If people can find a way, through MOOs, to overcome that distance, he tells his students, "we can create a community in every important sense of the word."

Some Buildings in CollegeTown

The Forum: A large hall with a granite floor and a high ceiling. A coffee lounge, television studio, radio station, and several offices surround the space. This is where CollegeTown visitors appear as soon as they connect to the MOO.

The Ivory Tower: Accessible by a spiral staircase from the Balcony of Thought in the Hypatia Hall of Philosophy. A place to "discover truth." Users are told: "Reflect carefully as you enter!"

The Library: A large room with two bookshelves, a card catalogue, and an "android" librarian named Libby. The book depository, video room, and archives are accessible from this room. About 50 electronic documents, such as the King James Bible and the works of Shakespeare, can be viewed here.
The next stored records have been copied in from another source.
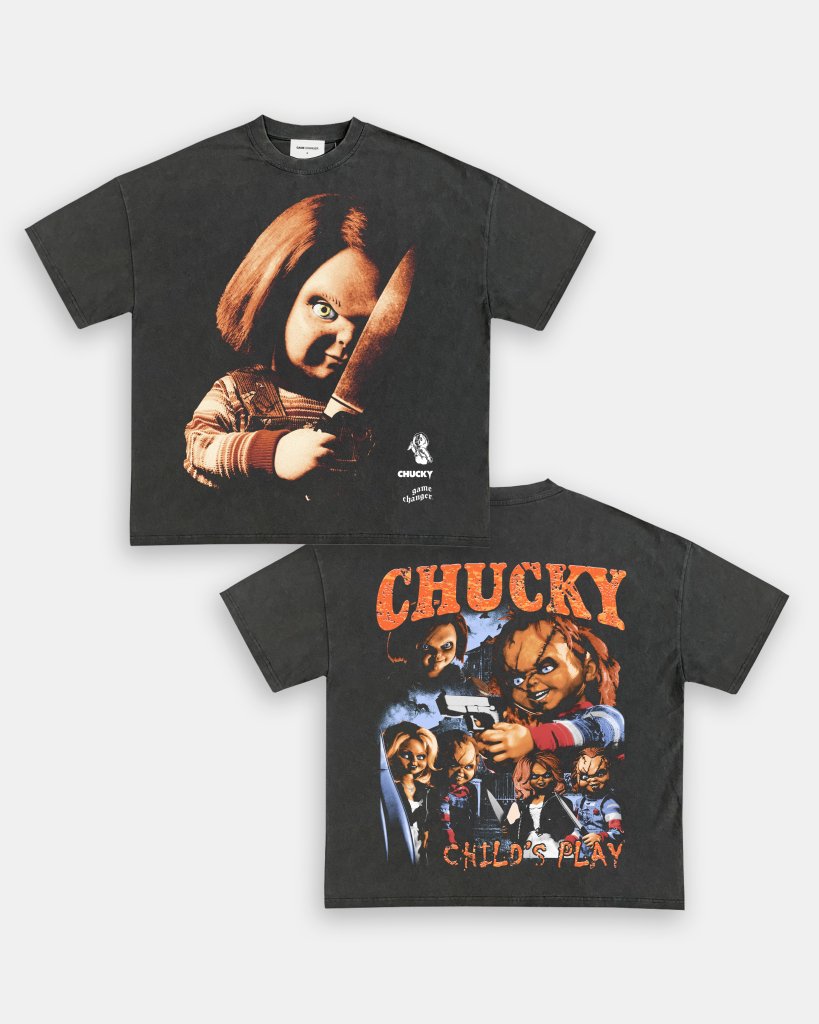 CHUCKY V3 TEE - [DS] - WINS™ GAME CHANGERS TEE - WINS LA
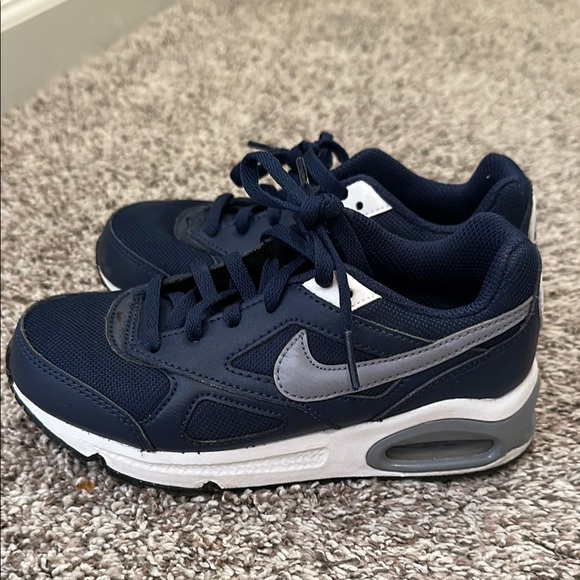 Kids Navy Sneakers - Picture 2 of 5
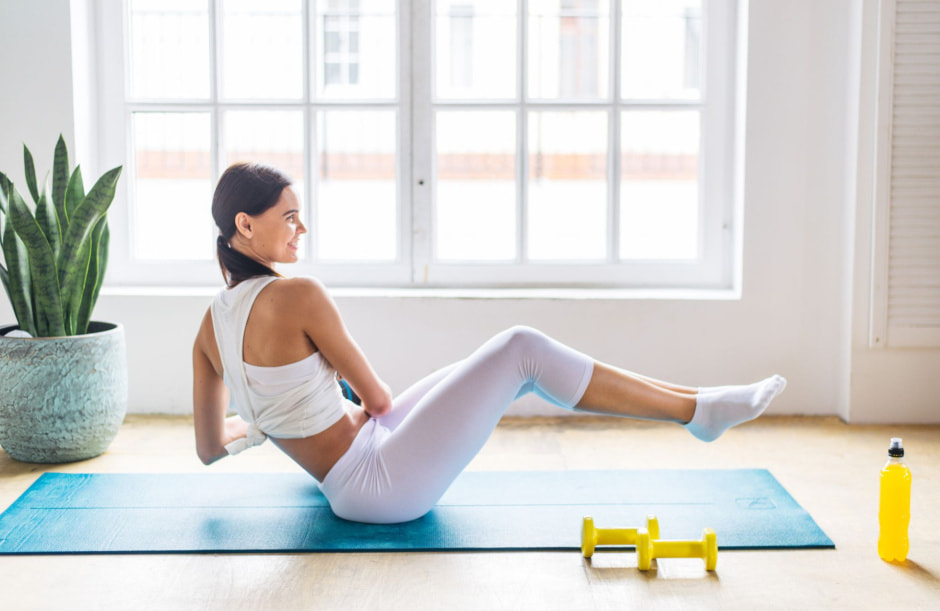 Занятия спортом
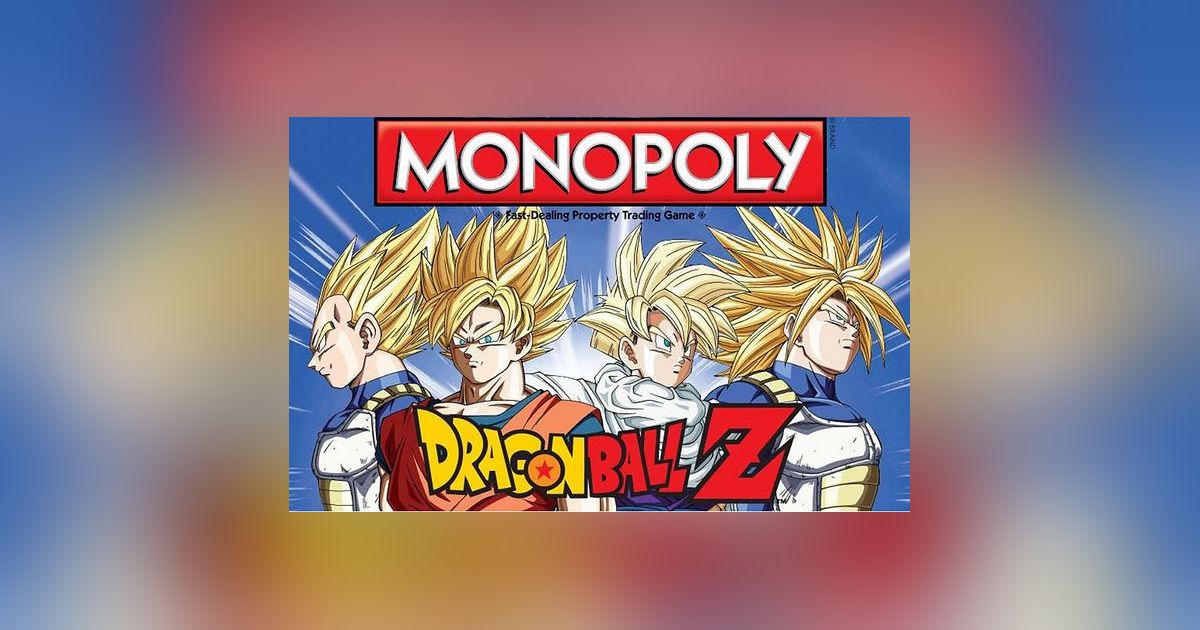 Monopoly – Dragon Ball Z (Versão PT) – CreativeToys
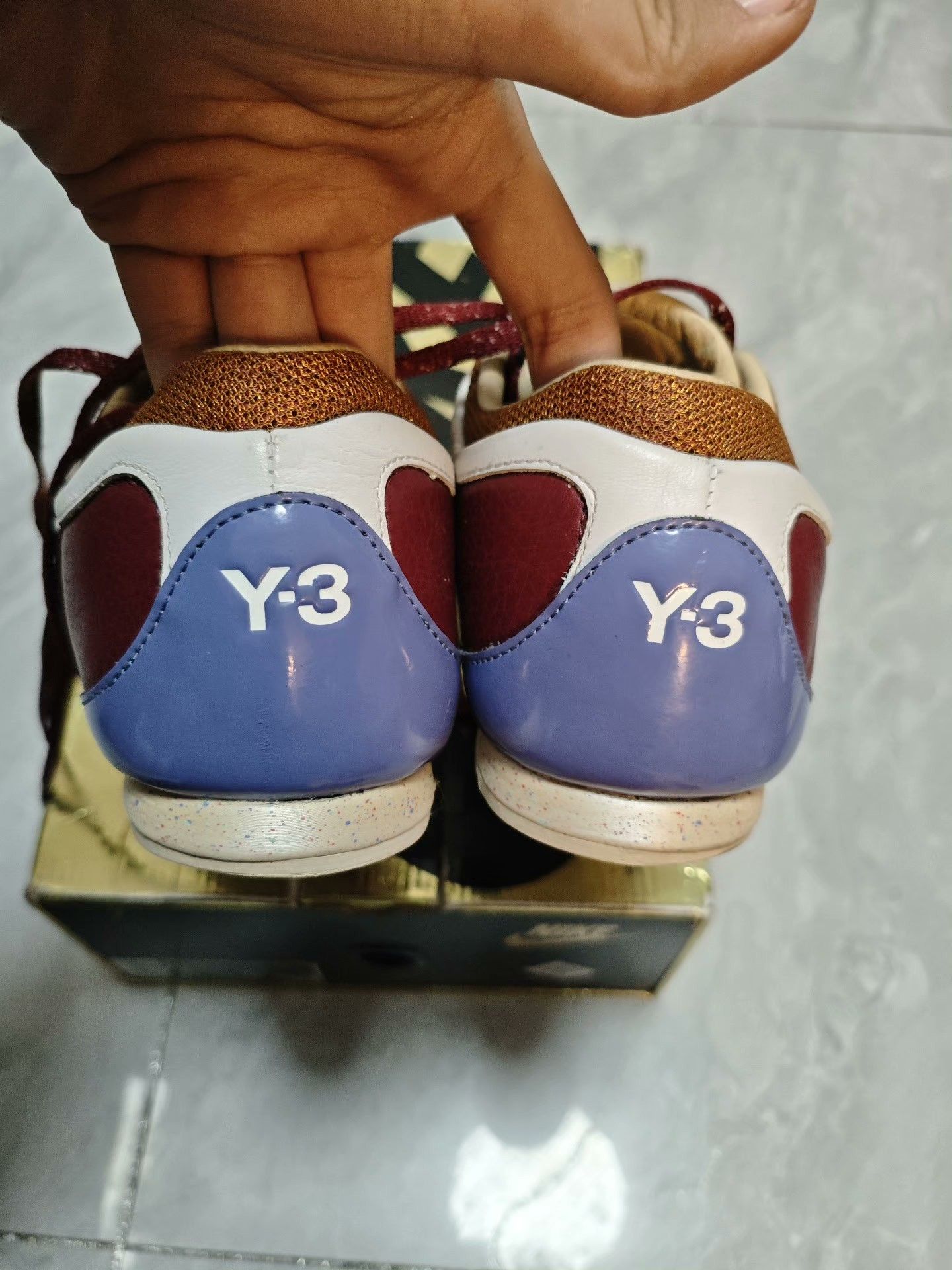 Yohji Yamamoto Yohji Yamamoto Premium Red Lowtop Sneakers 10 Men Size US 10 / EU 43 - 7 Thumbnail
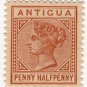 (I.B) Cinderella Collection : Fantasy Issue - Antigua 1½d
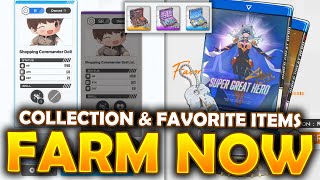 Where To GET Collection & Favorite Items and HOW TO USE THEM in NIKKE! screenshot 5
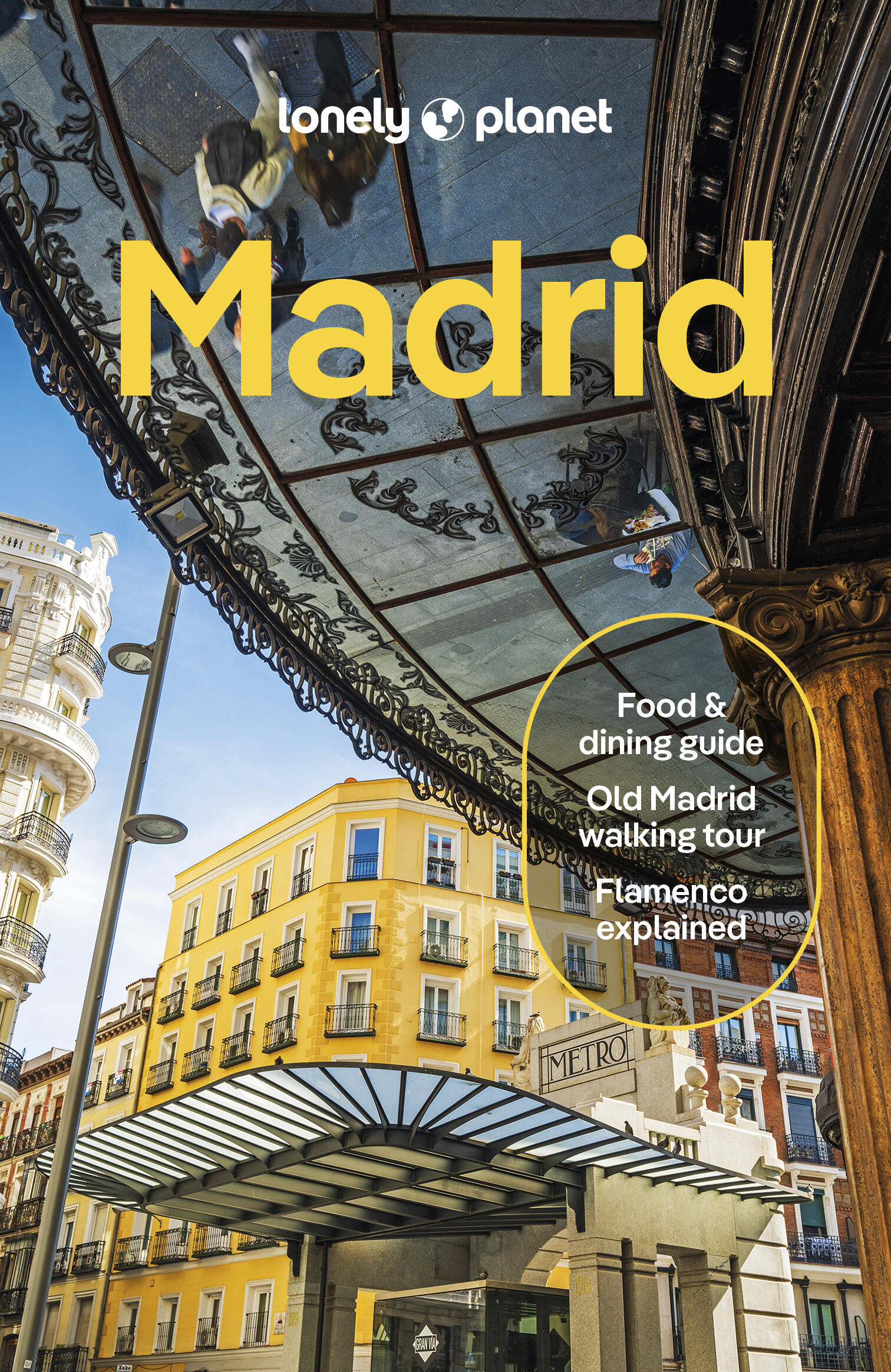Lonely Planet Madrid 11 11th Ed. by Felicity Hughes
The Poetry Room: An oak-paneled drawing room with a fireplace in the corner. A candle, an espresso machine, and a "box of yummy, scrumptious donuts begging to be eaten" stand in the center of the room. Visitors will notice that as soon as they enter, "the room is filled with an expectant hush."

The South Quad: A grassy quadrangle surrounded by ivy-covered buildings. Several buildings, including the Hypatia Hall of Philosophy, surround the quad, which also contains a billboard and a water fountain. A nature trail and Main Street lead to a nearby town.

The Warehouse: A rickety old warehouse that is dark and musty. Visitors "sense the scurrying of small paws off in a corner." Visitors here can also browse lists of objects and rooms that have already been created.